■ TASK TO COMPLETE
Pictures are to be left out; every line from the one with "Royalton Inn & Suites Upper Sandusky" through the end of the data must be transcribed exactly.

(SOURCE MATERIAL)

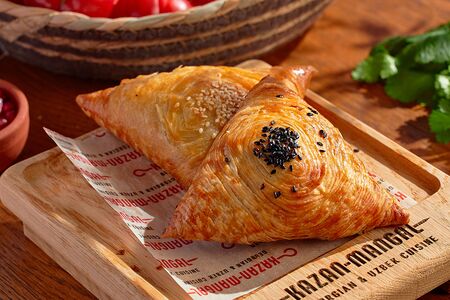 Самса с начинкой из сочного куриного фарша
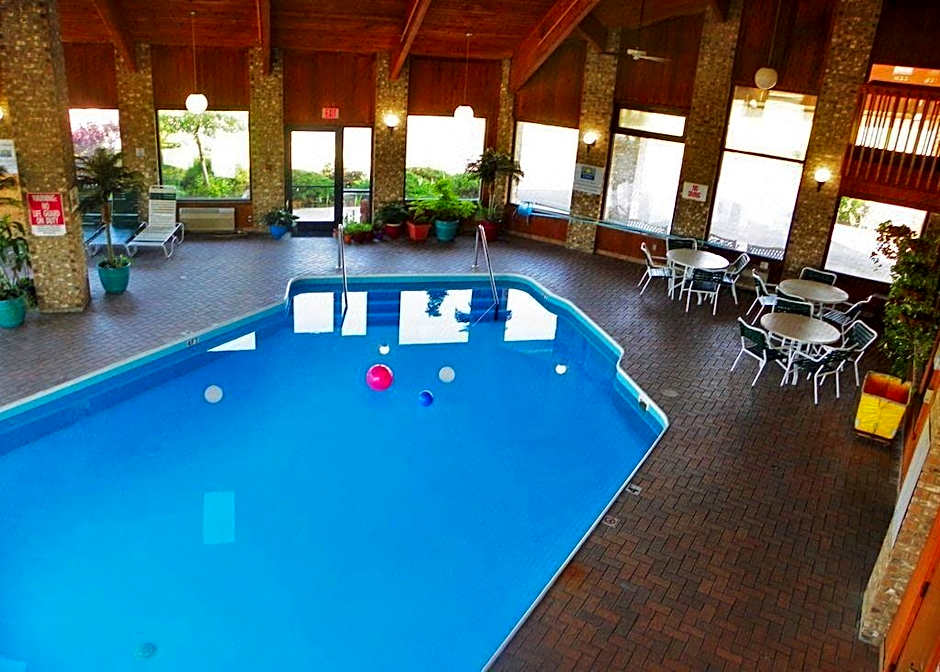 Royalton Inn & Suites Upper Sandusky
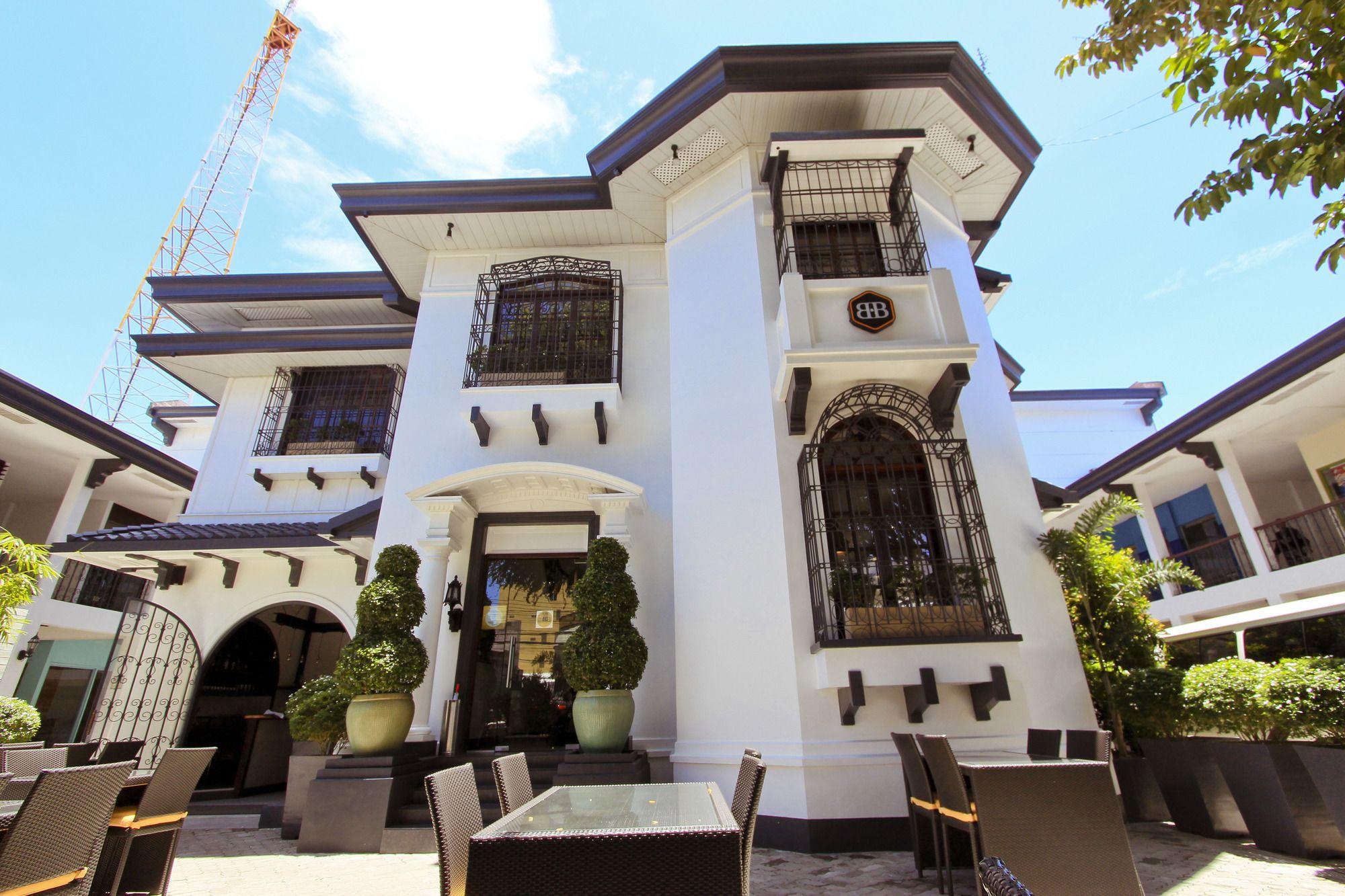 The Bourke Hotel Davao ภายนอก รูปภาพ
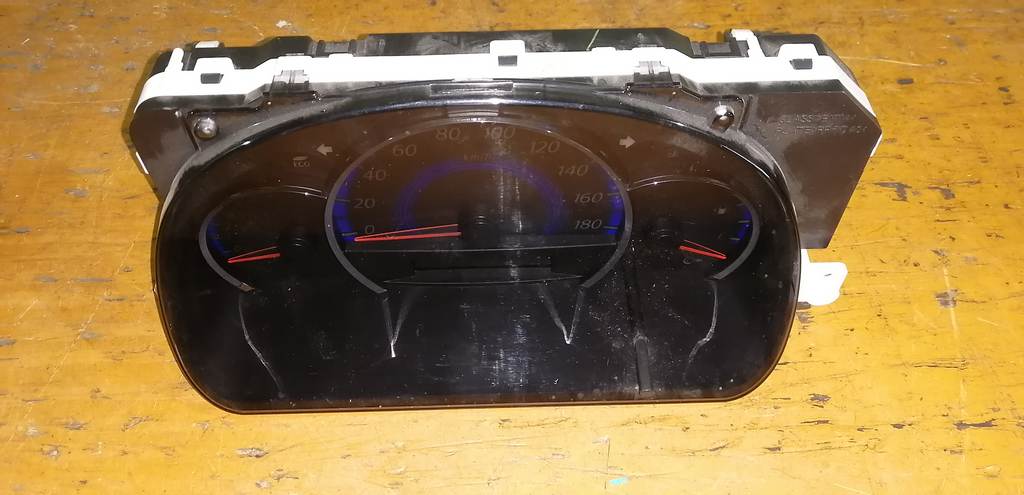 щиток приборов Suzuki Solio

(End SOURCE MATERIAL)

■ OUTPUT BELOW
 Royalton Inn & Suites Upper Sandusky
 The Bourke Hotel Davao ภายนอก รูปภาพ
 щиток приборов Suzuki Solio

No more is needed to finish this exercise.